Dari nasabah tersebut, mengacu penelitian kami di Sharing Vision, tercatat jumlah peminjam/debitur aktif tahunan sebesar 10 juta orang sementara penabung aktif berkisar 9 juta nomor rekening.
Jika dibandingkan, angka ini sangat kompetitif dengan yang diraih BRI, perbankan Tanah Air yang sejak lama fokus di microfinance. BRI pada tahun 2008 lalu memiliki peminjam aktif 8 juta serta penabung aktif 13 juta nomor.
Wajar muncul pertanyaan, mengapa kesuksesan Grameen Bank tersebut, seolah-olah tak kunjung merebak dalam genggaman bangsa ini? Jika melihat indikator sekilas, bukankah sepatutnya kita lebih mudah merealisasikan —bahkan melampauinya?
Berdasarkan riset Sharing Vision dan hasil workshop yang kami lakukan dengan M. Sjahjahan, General Manager Grameen Bank (yang juga deputi Muhammad Yunus), di Singapura, 18-19 Juni lalu, ada dua penyebab utama.
Pertama, implementasi teknologi informasi/TI sebagai ruh aktivitas lembaga keuangan, belum optimal dipraktekkan di berbagai institusi pembiayaan Indonesia. Kalaupun diterapkan, masih banyak yang memandang sebagai cost, bukan investasi.
Saya tidak menampik ada yang membangun dengan optimal. Ambil contoh BPR Karyajatnika Sadaya (BPR KS). Bank mikro terbesar di Jabar ini memiliki 17 kantor cabang, 15 kantor kas, dengan nasabah 360.000 orang, plus fasilitas layanan mumpuni.
Microfinance satu ini memiliki electronic data capture for payment dengan mitra lebih dari 7.000 poin, ATM BPR KS (yang terintegrasi dalam jaringan ATM bersama), Internet/SMS/Phone Banking, dan Automatic Deposit Machine.
Akan tetapi, yang terbaik sekalipun di Indonesia, ternyata kalah dibandingkan Grameen Bank. Sebab, investasi TI perbankan tersebut rata-rata mencapai 100 juta dollar AS per tahun!

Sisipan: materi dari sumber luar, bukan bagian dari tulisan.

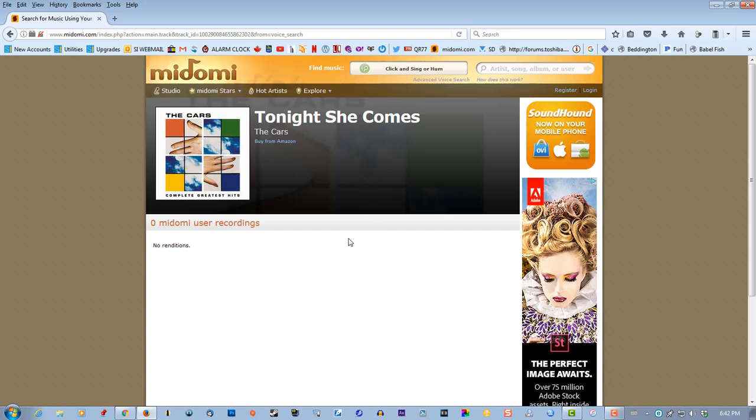There is a website on the internet called Shazam, but I'm pretty sure you have to download and install it on your computer, which I don't like doing. I don't like installing anything on my computer unless you absolutely have to. But Madomi.com is an excellent program for identifying music.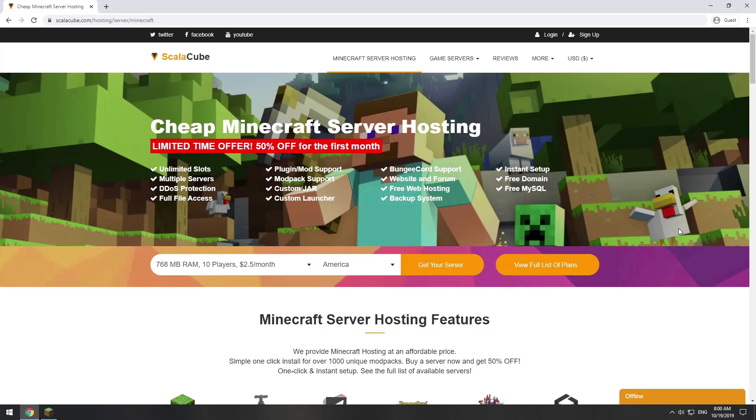Hello! Today I will show you how to make your own Minecraft server on ScalaCube.com. Go to the ScalaCube.com main page and click Get Your Server.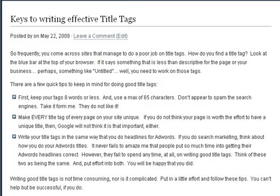Number two: make every title tag of every single page on your site unique. Bottom line, if you don't spend enough time to individualize each title tag, Google's probably gonna think those pages are not that important, so they're gonna reward you with absolutely no rankings. I see sites that have one general title tag on every single page, and those sites just don't rank very well.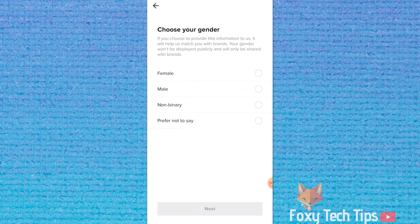Now select your gender. This won't be shared publicly, but you can also choose prefer not to say if you wish.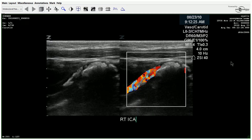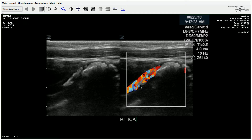Then we move into the ICA, and this is actually a pretty dramatic image. When you look at this, it almost appears that the ICA would be totally occluded. But you do see color and some aliasing here. That is a pretty impressive plaque.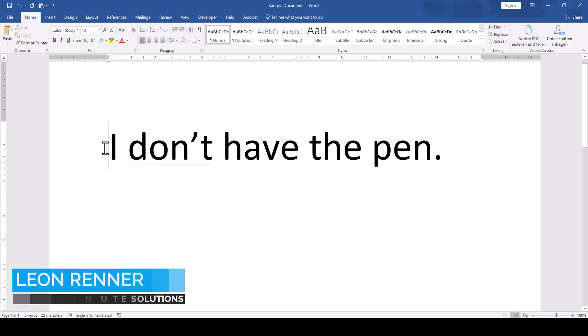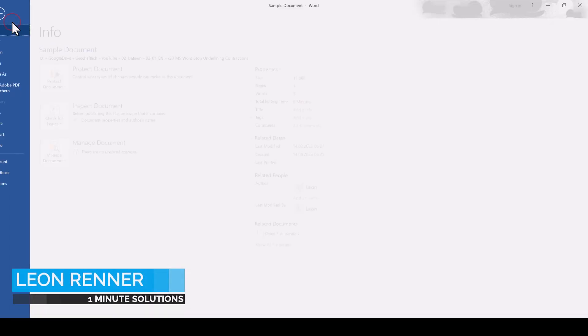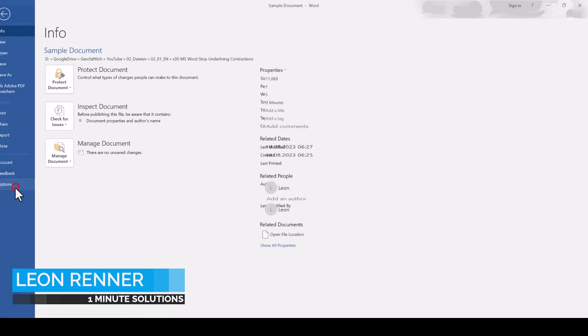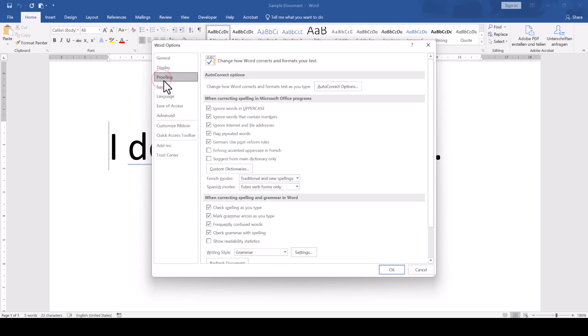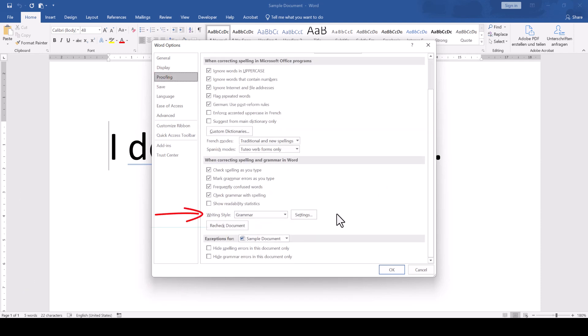To stop Microsoft Word from underlining contractions, we go to File, Options, Proofing, and at the bottom where it says Writing Style, we click on Settings.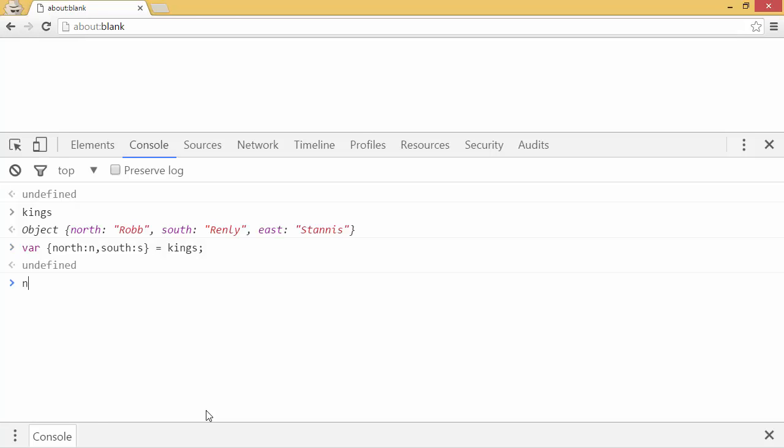Now, if I check out the variable n, it's equal to rob, king in the north. And the variable s is equal to renly, king of the south, for a time.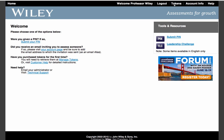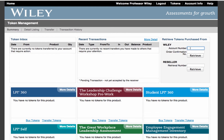To retrieve your tokens, click the tokens button in the top right corner. On this page, you'll enter your account number and order confirmation number that are included in the email that you would have received. Once you've entered this information, click the retrieve button.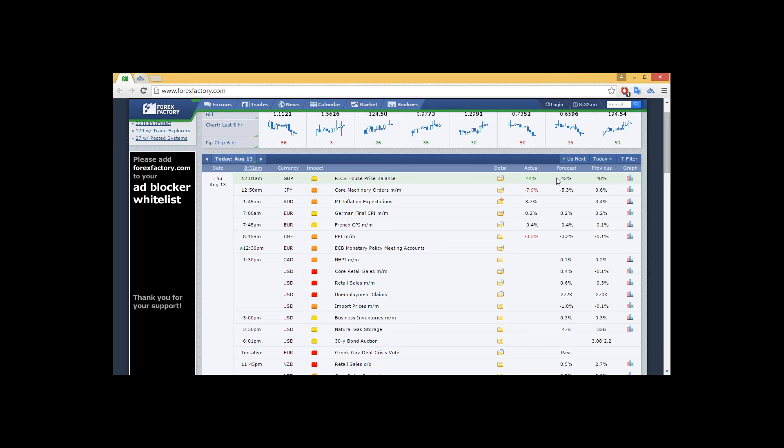France's PPI month-on-month, negative 0.2%, less than negative 0.2%, so we have a slight negative for France. We also have ECB policy, monetary business meetings, heading at 12:30 starting this afternoon.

Sebuah nominal yang belum tentu BUMN keuangan Indonesia menerapkannya.
Dengan 2.564 kantor cabang, 268 kantor area, dan 40 kantor wilayah. Grameen Bank menerapkan aplikasi TI bernama MIFOS alias Microfinance Opensource-yang kesehariannya ditunjang baterai cadangan komputer sehubungan listrik yang kerap mati.
Dengan menerapkan strategi web bertajuk based management information system berkode terbuka, cara ini memungkinkan antar cabang di Grameen melakukan operasional secara real time, efisien, dan amat handal.

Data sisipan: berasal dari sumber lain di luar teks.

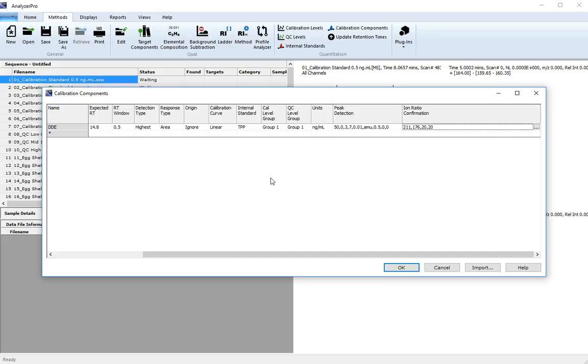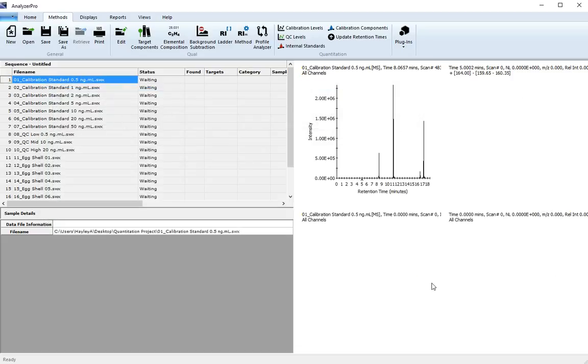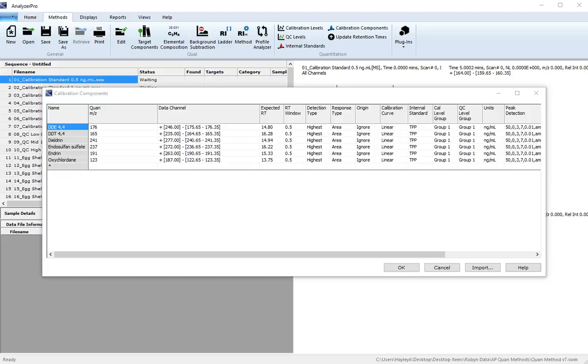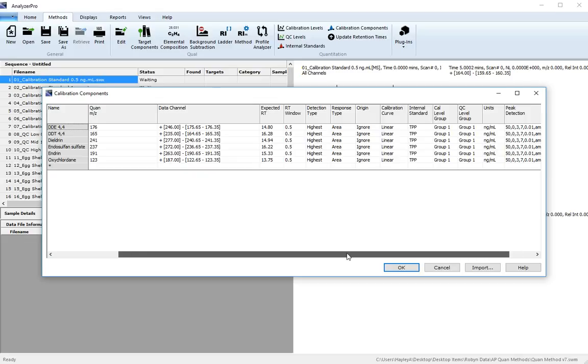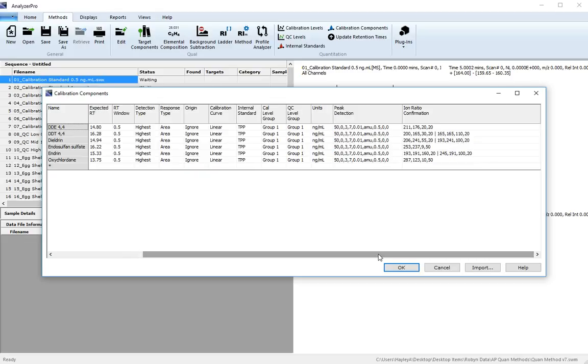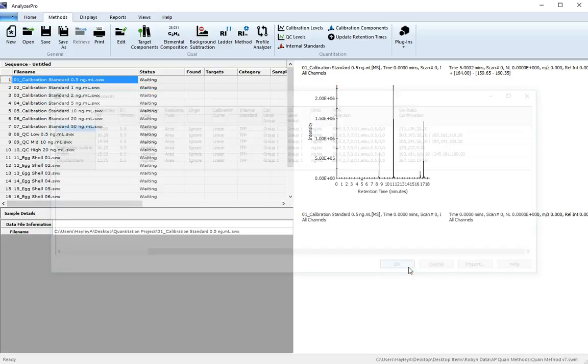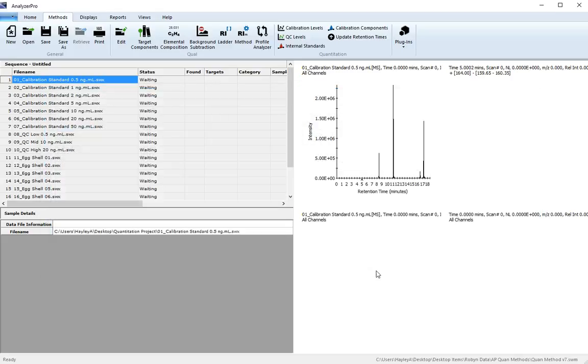Now continue to populate the calibration components table using the information from the tutorial booklet which is available online. Once your calibration components table is complete, it should look like this. Click OK and remember to save your method.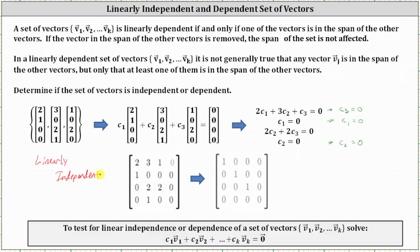If we solve this using an augmented matrix, the rows are: [2, 3, 1 | 0], [1, 0, 0 | 0], [0, 2, 2 | 0], and [0, 1, 0 | 0]. Writing the augmented matrix in reduced row echelon form, the first row indicates c sub 1 equals zero, the second row indicates c sub 2 equals zero, and the third row indicates c sub 3 equals zero. We only have the trivial solution to the homogeneous vector equation, confirming the set of vectors is linearly independent.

Selain perangkat lunak terbuka, kantor menyediakan komputer, baterai, dan akses Internet 56 s.d 512 Kbps. Karenanya, seperti ditulis www.mifos.org, MIFOS berhasil diinstalasi sedikitnya di 120 cabang kantor mencakup 280.000 pengguna.
Dengan totalitas inilah, sambung Shajahan, pada posisi Mei 2010, total deposito Grameen Bank sudah mencapai 1.288 miliar dollar AS sementara nilai kredit yang dipinjamkan 875,08 miliar dollar AS.
Kedua, belum adanya regulasi spesifik dari Bank Indonesia yang mengatur pemanfaatan TI bagi BPR/BPRS. Hal ini membuat proses standarisasi dan pengembangan belum terpayungi aturan terarah dari regulator. Situasi ini membuat belum jelasnya produk/layanan berbasis TI apa saja yang dapat diberikan BPR/BPRS. Juga, belum jelasnya jenis laporan ke Bank Indonesia terkait produk/layanan berbasis TI di BPR/BPRS.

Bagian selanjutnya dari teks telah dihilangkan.